At the time, Mr. Baggs said, he turned down a benefit that would have paid his widow a monthly pension after his death, figuring she would get life insurance of at least $75,000 when he died. Now, if he dies after Dec. 31, she will get $15,000.
“It’s obvious what they’re trying to do—they’re trying to recover as much as they can, but they’re doing it on the backs of their retirees,” Mr. Baggs said.
AT&T remains a profitable company, paying nearly $15 billion in annual shareholder dividends as of last year, although its stock has fallen by about 40% over five years. Investors soured on bets that AT&T made on entertainment companies DirecTV and Time Warner Inc. Under investor pressure, AT&T has been unwinding those bets. It sold a stake in DirecTV and set plans to hive off its WarnerMedia division through a merger with Discovery Inc.
Share Your Thoughts
Is it acceptable for a company to cut benefits such as life insurance for employees after they have retired? Join the conversation below.
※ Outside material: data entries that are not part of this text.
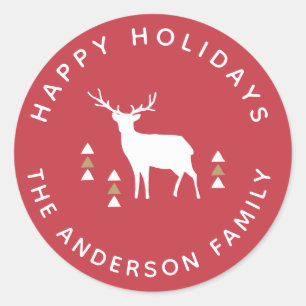 Rond Sticker cadeau Red and Gold Reindeer Happy Holiday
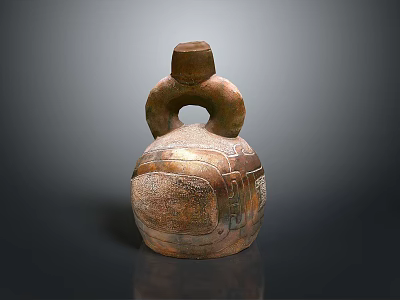 Ancient Sculptural Vessel With Loop Handles Square Lid And Carved Textured Surface 3d model
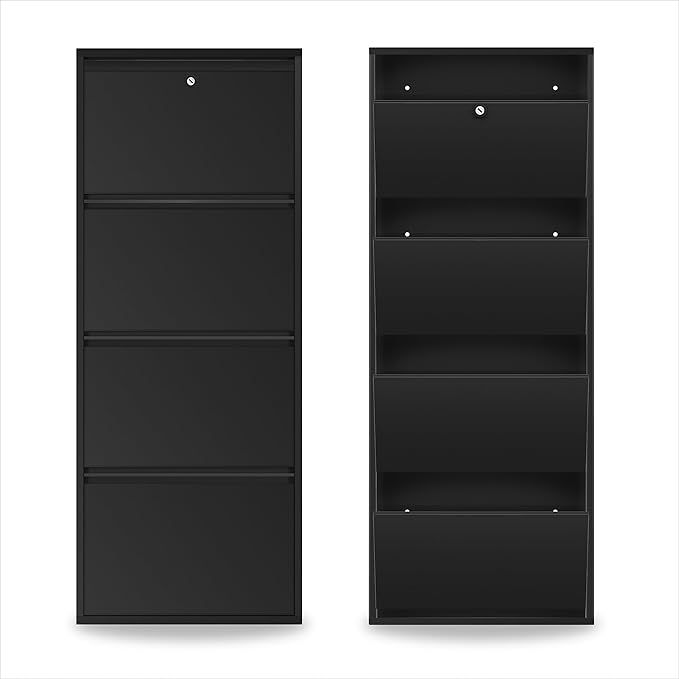 4 Shelves Wall Mounted Shoe Rack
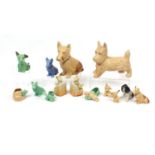 Mostly Sylvac animals and a pair of Art Deco Beswick dog bookends, the largest 29.5cm high : For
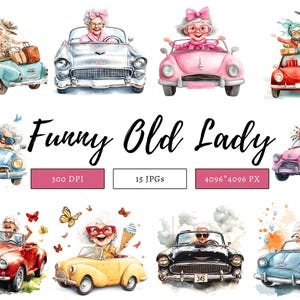 Funny Old Lady Clipart Bundle png, Watercolor Funny Old Lady Clipart, Funny Lady Clipart, Old Lady Clipart, Grandma Clipart, Women Clipart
AT&T Chief Executive John Stankey, 59, is eligible for life insurance in retirement equal to his final salary; that is about $2.4 million today. The insurance amount will decline to half his final year’s salary at age 70 or once he has been retired for five years, whichever is later.
Mr. Stankey and his predecessor, Mr. Stephenson, have bought additional life-insurance coverage through AT&T, with the cost subsidized by the company, its filings show. AT&T has disclosed paying about $1.5 million for such coverage for Mr. Stankey and nearly $889,000 for Mr. Stephenson since 2015. The executives declined to comment through an AT&T spokesman.
AT&T said other companies also have paid for special life insurance for at least some executives.
Retiree benefits remain on AT&T’s financial radar. In a consulting agreement with a former AT&T finance chief, John Stephens, the company has offered to pay him an extra $500,000 if AT&T meets any of three financial targets. One is cutting $1 billion more from AT&T’s obligation for retiree pensions and benefits. Through an AT&T spokesman, Mr. Stephens declined to comment.